Defining ‘spouse’

Photo illustration by Hannah Fowl/The News Spouses of people who work at the University can get a Wellness Center membership at a discounted rate. This doesn’t currently include same-sex couples.
Photo illustration by Hannah Fowl/The News Spouses of people who work at the University can get a Wellness Center membership at a discounted rate. This doesn’t currently include same-sex couples.

Photo illustration by Hannah Fowl/The News
Spouses of people who work at the University can get a Wellness Center membership at a discounted rate. This doesn’t currently include same-sex couples.

 

 

Citing discriminatory wording in the Wellness Center’s membership eligibility policy, the LGBT Programming Advisory Committee filed a letter with the Office of Student Affairs recommending it be revised.

According to the letter of recommendation sent by the president of the LGBT Programming Advisory Committee, Peggy Munke, the Wellness Center’s policy on purchasing memberships does not extend benefits to same-sex partners of University staff and faculty.

It is the use of the word “spouse” in the Wellness Center’s policy which the committee would like to see amended, as this word has a legal definition which does not apply to partners in a same-sex relationship.

As it is currently worded on the Wellness Center’s website, “Spouse of student, faculty, staff and retiree and alumni members can purchase a membership at the same level as the primary member.”

This allows spouses to pay the same reduced rate for a semester or summer membership as their partner working at the University.

Munke said this issue was first brought to her and the committee’s attention approximately a year ago, but at the time was not deemed to be a priority.

“There are always a number of issues of which we are aware,” she said. “However, we work to get one issue resolved before we work on another. We work incrementally. There were several other issues that had priority over this one. Those issues have now been resolved so we were ready to confront this issue.”
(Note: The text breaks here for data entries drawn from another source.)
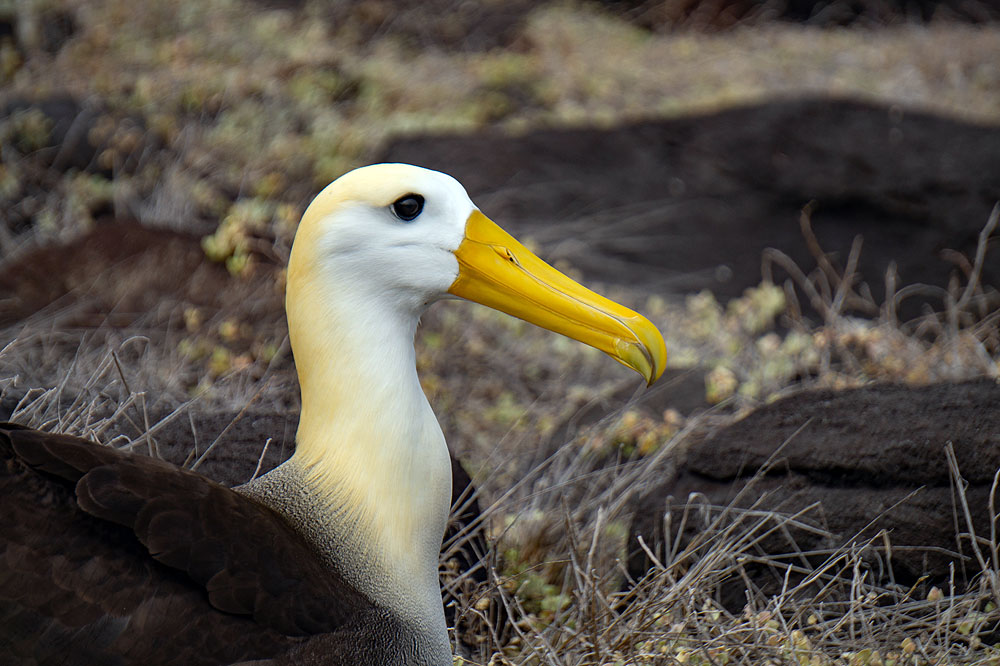 GP1018HG198_punta-suarez-waved-albatross.jpg [© Last Frontiers Ltd]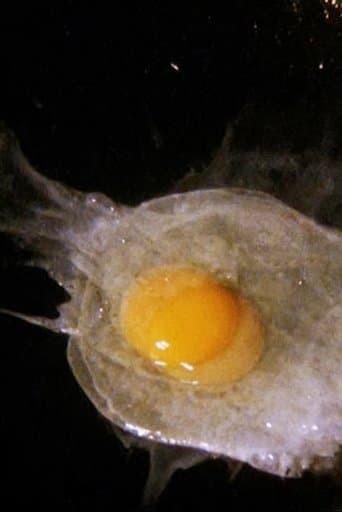 Fried Egg poster - Find streaming availability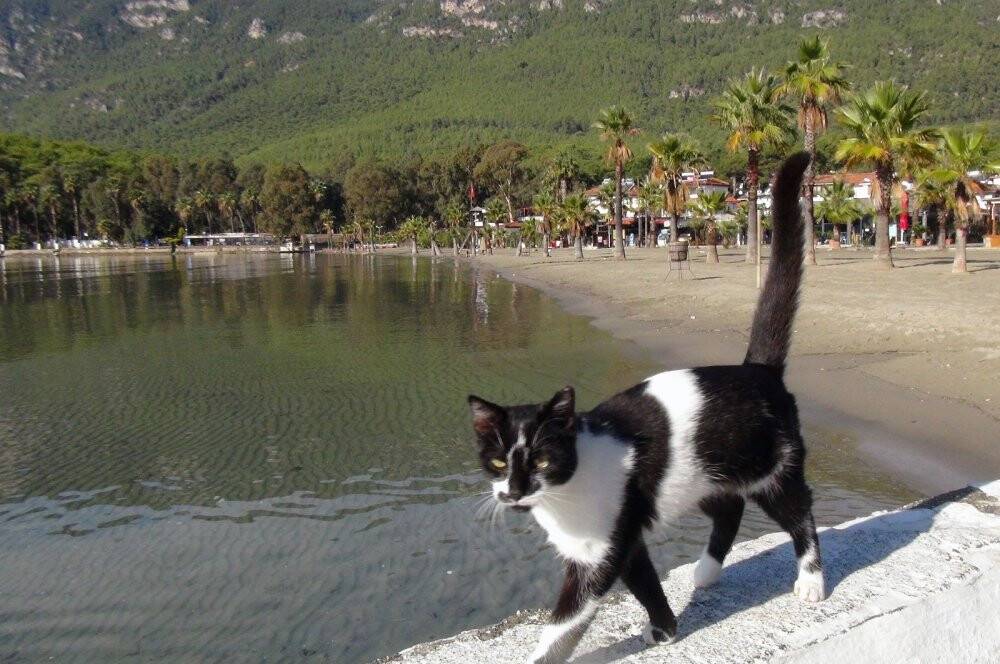 Kedi ve köpeklere mikroçip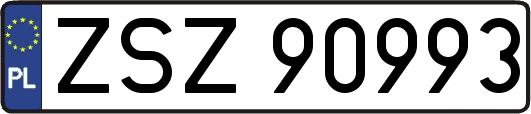 ZSZ90993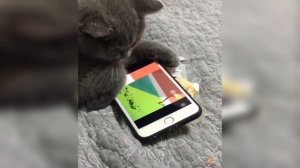 Смешная Реакция Кота На Мультфильм Том И Джерри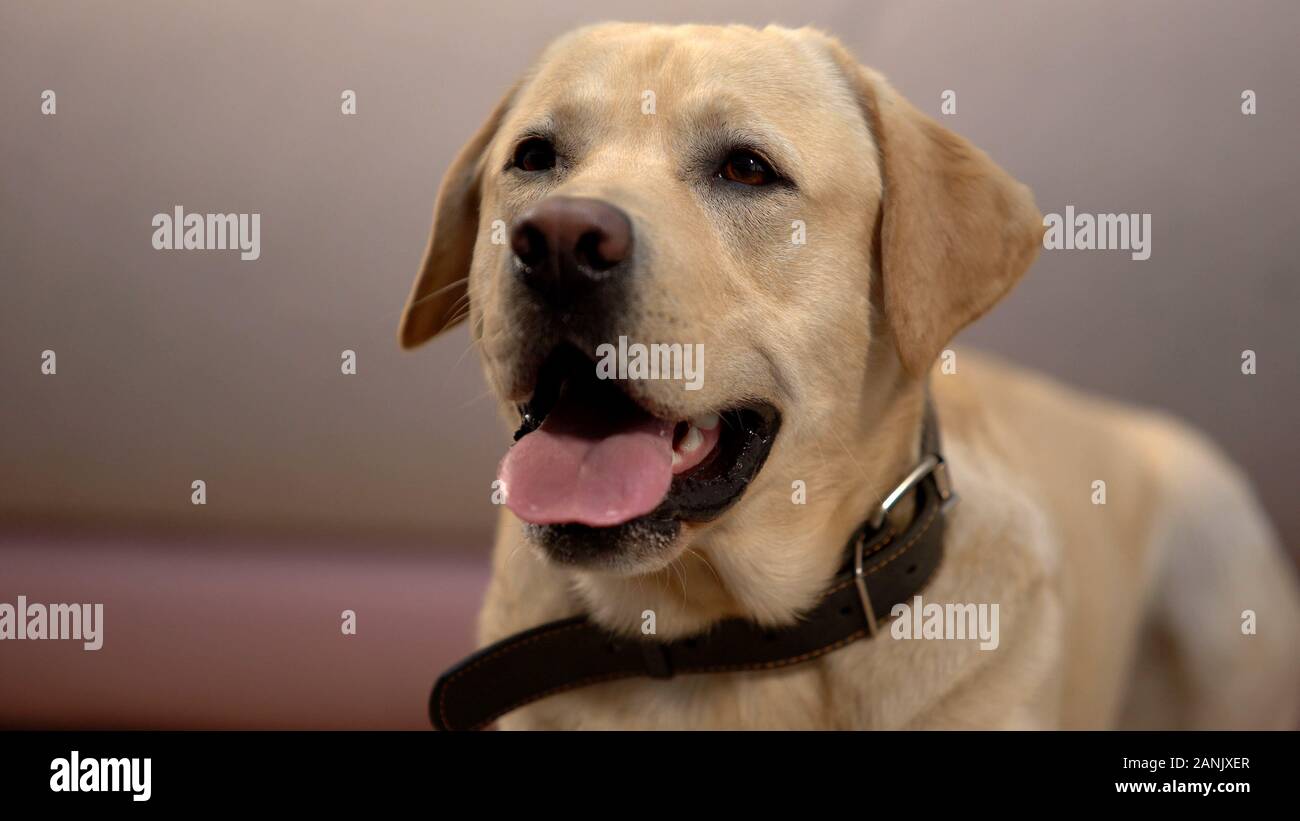 bark collar petstock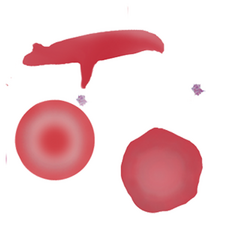 SCP1.png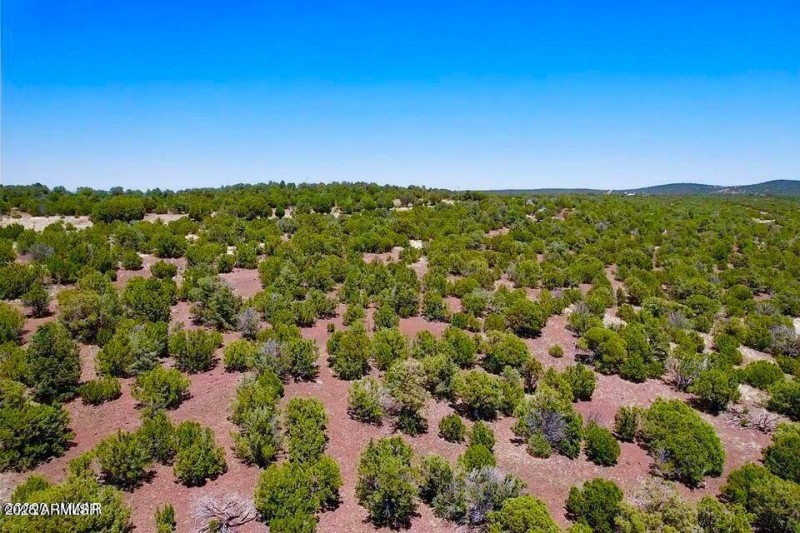 20250906064923074461000000-o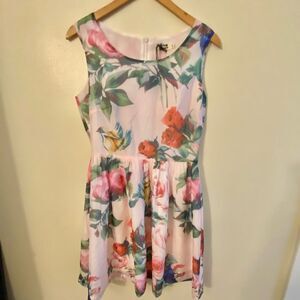 NWT Molly Bracken ModCloth dress size Small
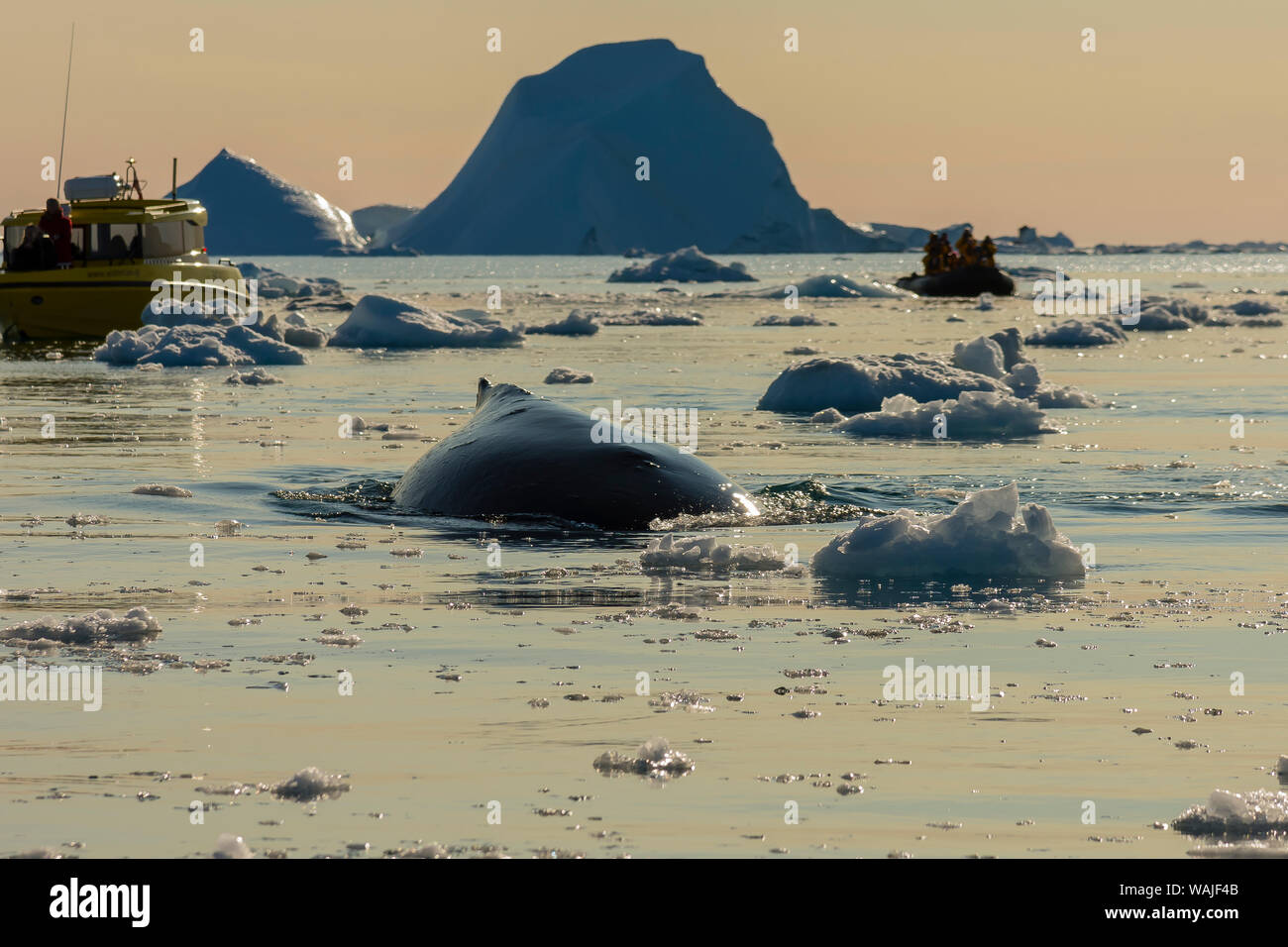 Greenland. Ilulissat. Humpback whale watching in the Icefjord. Stock Photo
Along with bringing the issue to the Office of Student Affair’s attention, the committee also sent its Student Government Association representative, Norman Franklin III, to speak with SGA and to gain its support.

This was the first year the SGA representative position was filled on the advisory committee, despite it being available for several years.

Michael Dobbs, president of SGA, said from the discussion following Franklin’s request, he believes the vast majority of the senate had no problem with a change of the policy to include same-sex partners, although no official vote was taken.

Dobbs said he is not entirely sure what the policy is regarding the use of the center by staff and faculty, but that he does not feel anyone has been intentionally excluded.

“It takes pointing things out to make changes and that is what is being done here,” Dobbs said. “I am confident that the individual(s) charged with making changes to the Wellness Center’s policy will do what is in the best interest for everyone.”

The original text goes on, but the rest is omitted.